Problem to work on =
While you copy the lines below, skip the pictures and keep the rest exact.

Exercise data =

--- --- ---

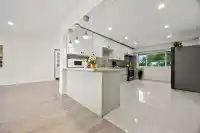 4936 BARKER CRESCENT - thumbnail 10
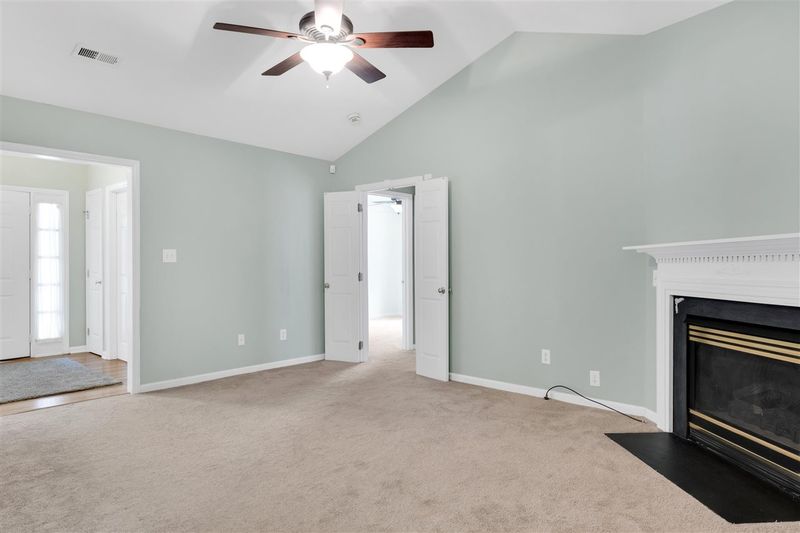 1005 Creek Haven Dr, Holly Springs, NC 27540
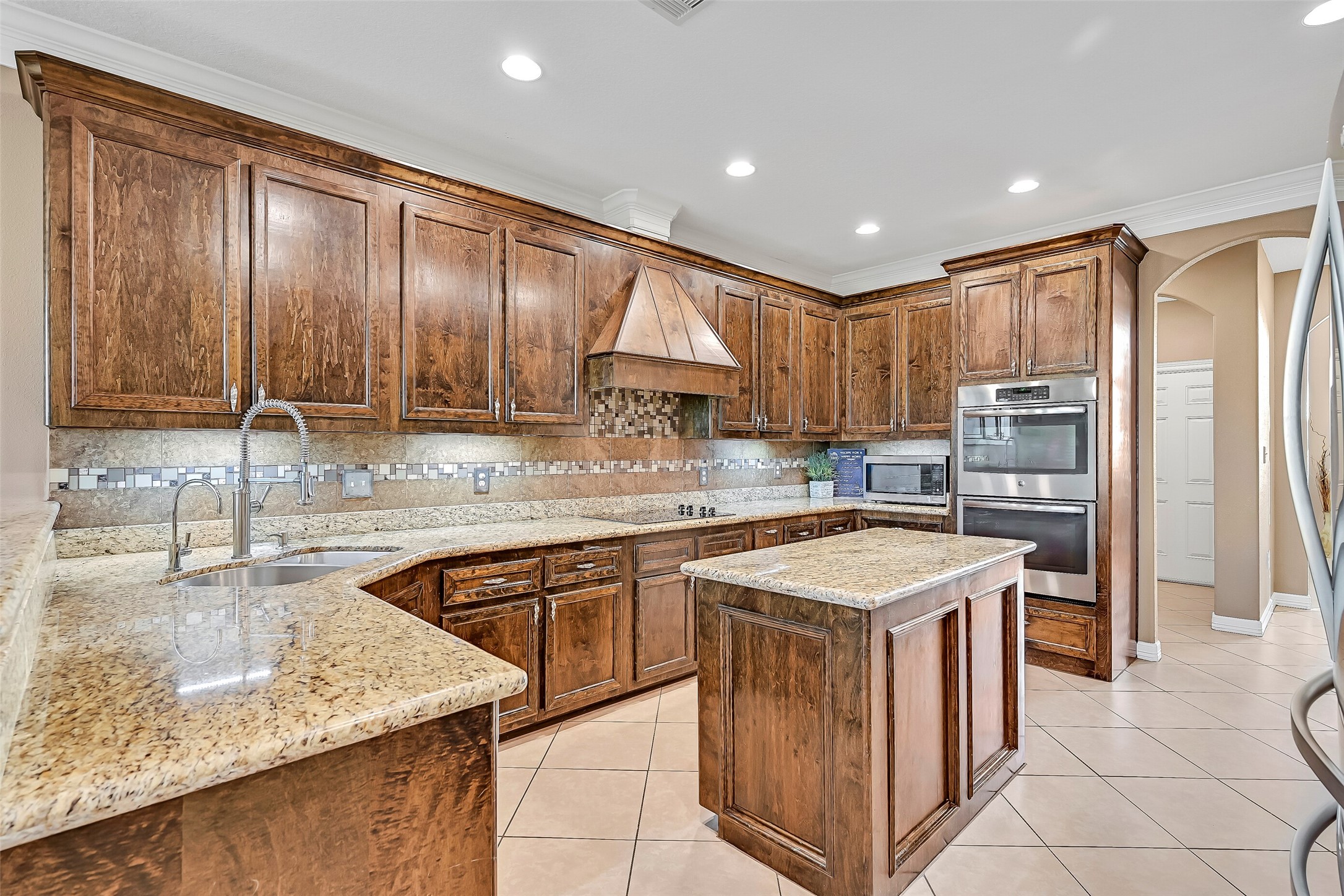 7611 Oak Alley Court Rosharon, TX 77583 - Photo 13 of 37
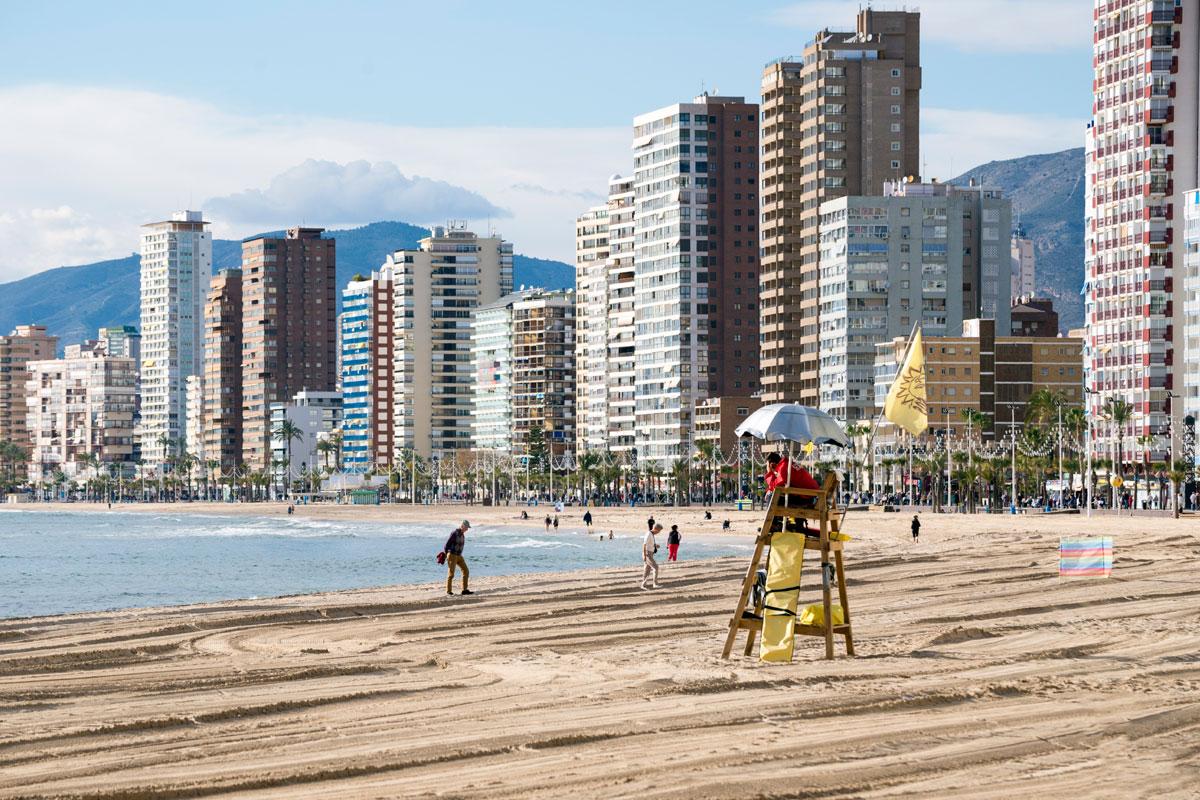 Kein schöner Anblick: Hotelklötze am Strand von Levante in Spanien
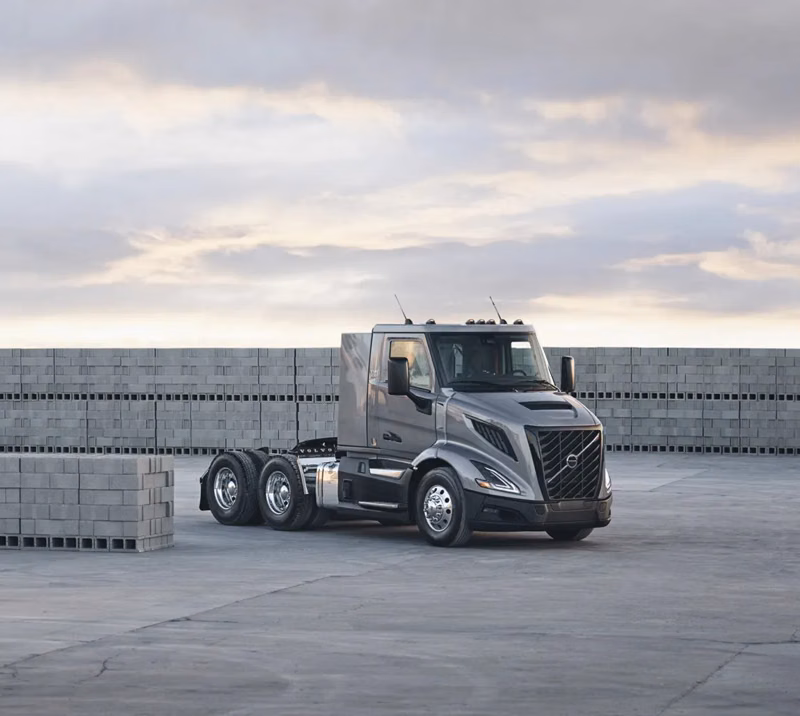 2026 Volvo VNR 440 - Image 35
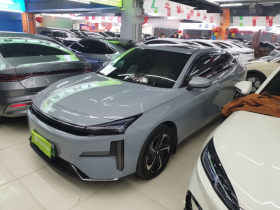 吉利银河 银河L6 2024款 125km PLUS 龙腾版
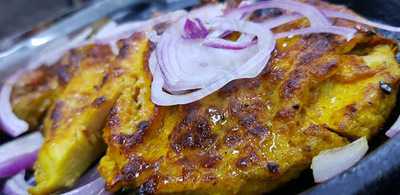 ‪red Table Restaurant‬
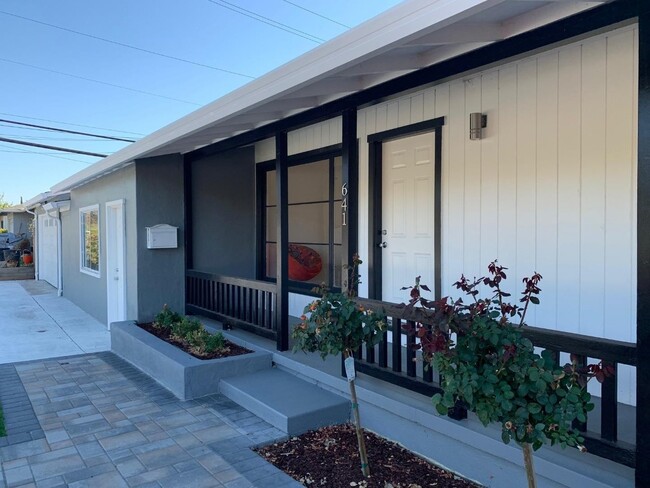 Building Photo - 641 Toyon Ave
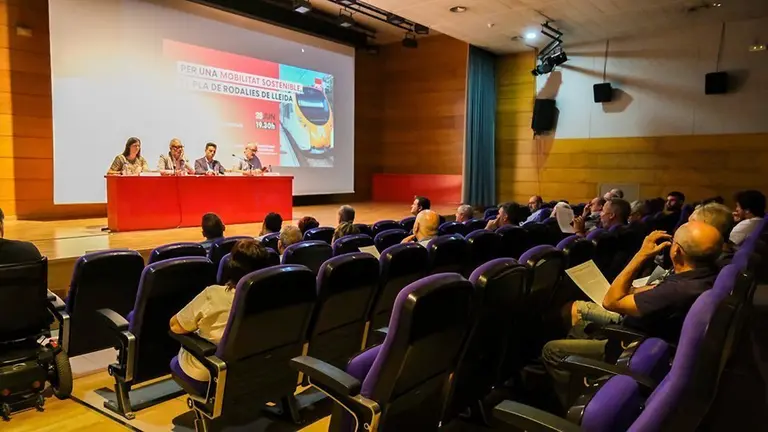 Fèlix Larrosa, Joel Bastons i Lorena González reivindiquen el Pla de Rodalies a Mollerussa ©PSC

--- --- ---

Answer section =
 4936 BARKER CRESCENT - thumbnail 10
 1005 Creek Haven Dr, Holly Springs, NC 27540
 7611 Oak Alley Court Rosharon, TX 77583 - Photo 13 of 37
 Kein schöner Anblick: Hotelklötze am Strand von Levante in Spanien
 2026 Volvo VNR 440 - Image 35
 吉利银河 银河L6 2024款 125km PLUS 龙腾版
 ‪red Table Restaurant‬
 Building Photo - 641 Toyon Ave
 Fèlix Larrosa, Joel Bastons i Lorena González reivindiquen el Pla de Rodalies a Mollerussa ©PSC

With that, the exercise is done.